Liverpool supporters had an "emotive and sensitive" debate on the issue of safe standing during a meeting hosted by fans' group Spirit of Shankly (SOS).

The club said their fans' position on safe standing is "uniquely complex and difficult", because of the Hillsborough disaster in which 96 fans died.

SOS chair Jay McKenna said Saturday's open meeting was a "significant" process in letting fans have their say.

It will now hold an open online vote to clarify its stance on the matter.

"Lots of people raised questions and concerns and shared their own experiences," McKenna told BBC Sport.

"It was a very good debate. It was emotive and sensitive at times. It was really useful and people said they felt much more informed."

Last week, McKenna told BBC Sport the impact of the Hillsborough disaster might have left fans "behind the curve" in the debate about reintroducing standing.

The requirement for all-seater stadiums in England's top flight came in response to 96 fans being killed at the 1989 FA Cup semi-final.

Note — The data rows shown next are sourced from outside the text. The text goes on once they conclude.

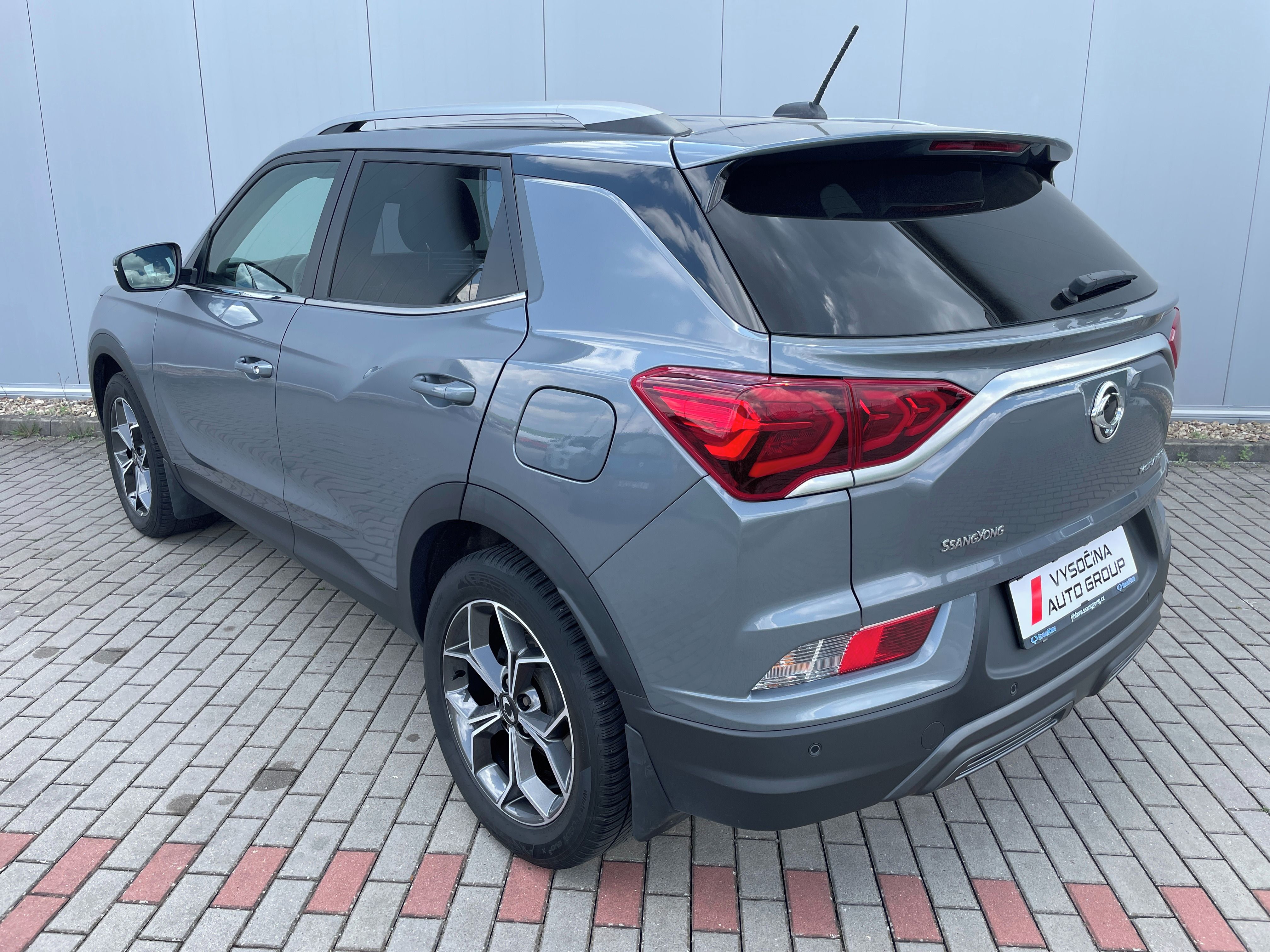 SsangYong Korando, 1,5 T-GDi 120kW Style+ 1.Maj - fotka 2
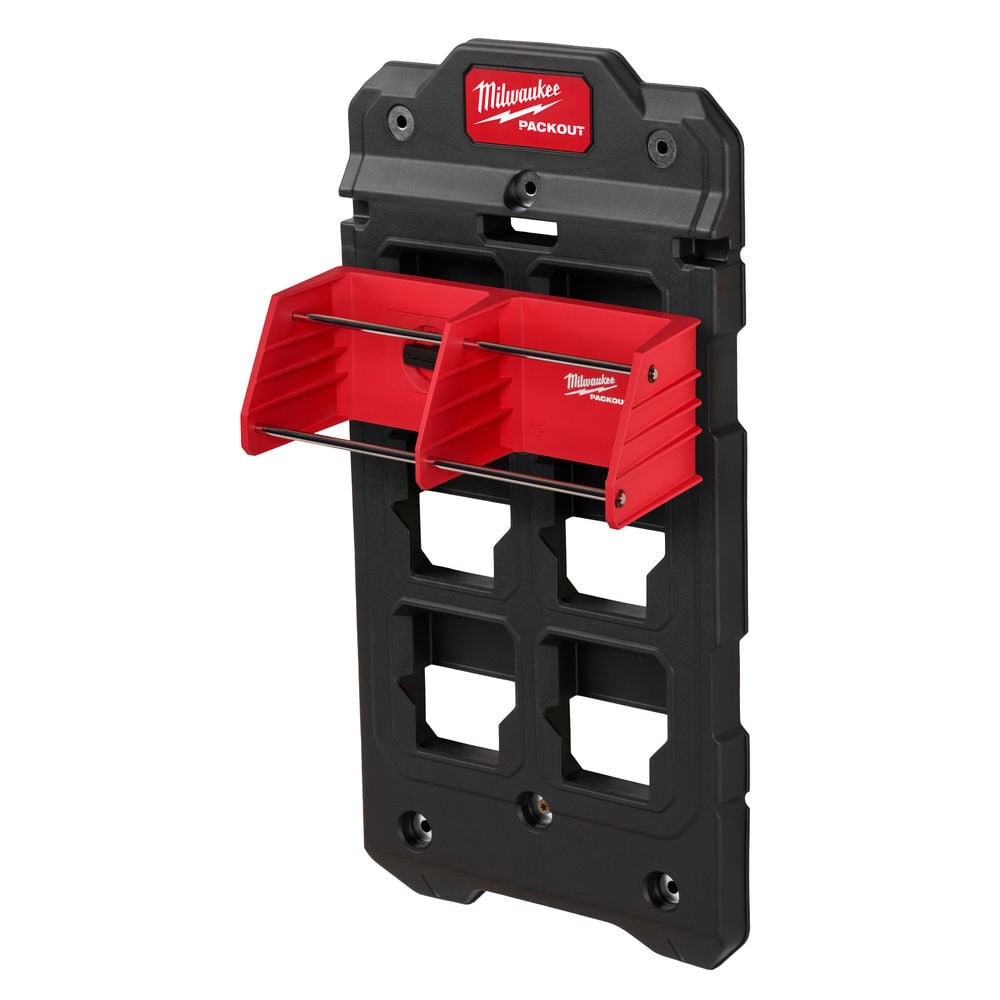 Milwaukee PACKOUT Tool Rack, large image number 11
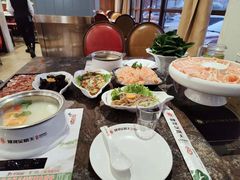 -健晟星期天火锅(鲅鱼圈店)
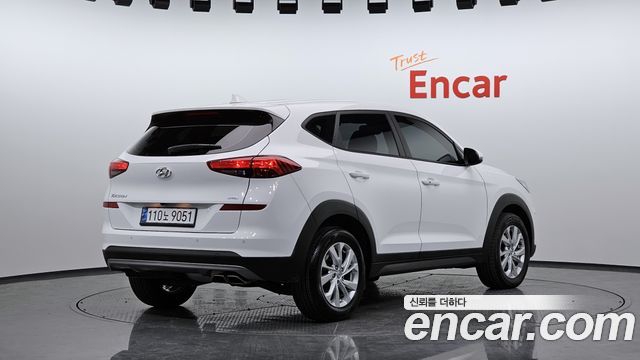 Hyundai Tucson 2020 — photo 2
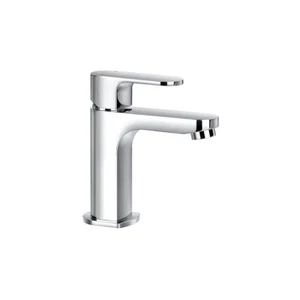 Moderne Waschtischarmatur Highline für Gäste WC Armatur Bad Wasserhahn - Bild 1 von 2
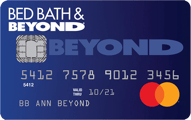 Bed Bath & Beyond Mastercard review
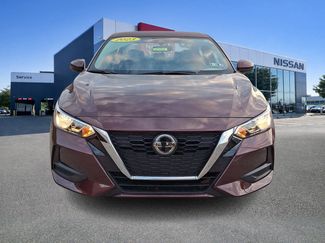 Used 2023 Nissan Sentra SV w/ All-Weather Package video 2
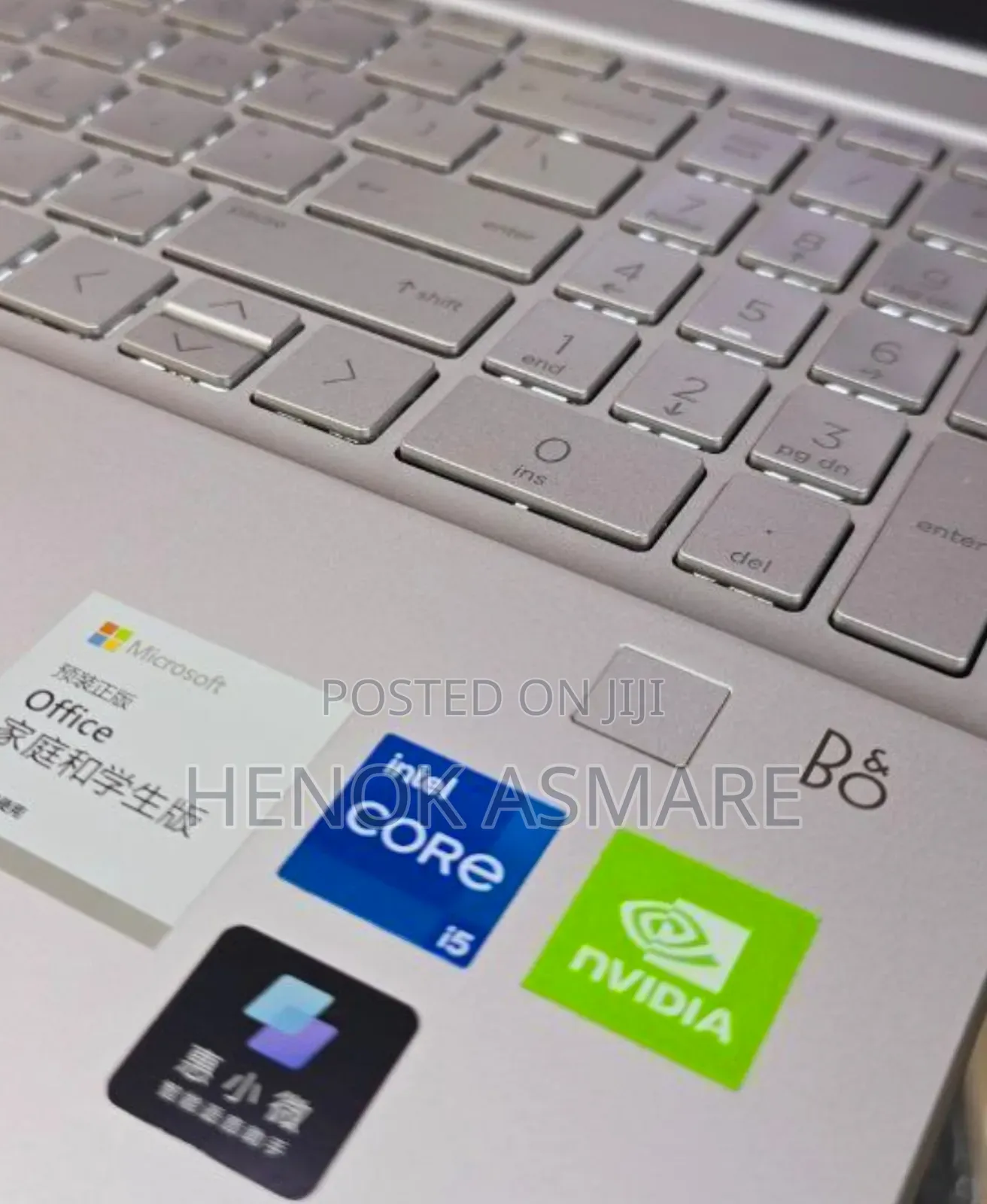 New Laptop HP Pavilion 15 16GB Intel Core I5 SSD 512GB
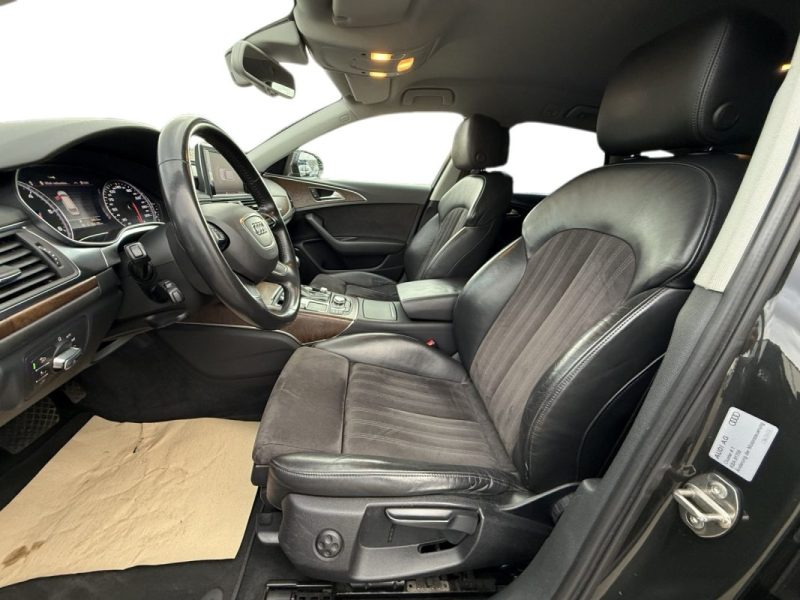 AUDI  A6 AVANT 3.0 TDI 204CH QUATTRO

The club said they would "listen" to fans' views if legislation requiring all-seater stadiums was ever changed.

But McKenna said it was "too difficult" to tell whether fans would vote for or against safe standing from Saturday's meeting.

Celtic representatives present at fans' meeting

Government legislation would need to change for safe standing to be introduced.

The Premier League wrote to its 20 clubs last month to assess whether they would be interested in a trial to re-introduce standing areas, which were banned in 1994.

West Bromwich Albion have said they would be willing to use The Hawthorns as part of a pilot scheme for safe standing.

SOS has discussed the issue with members since September and on Tuesday met with survivors of the Hillsborough disaster and families of those killed.

Debate over the issue has grown since Scottish champions Celtic introduced about 3,000 rail seats at Celtic Park at the beginning of last season.

Representatives from Celtic and the Sports Ground Safety Authority, which oversaw regulation surrounding the move to all-seater stadiums, were present at the meeting.

McKenna said the panellists' contribution helped those who attended feel "a lot more informed" about how the process could be implemented.

The vote will close on Friday, 28 July.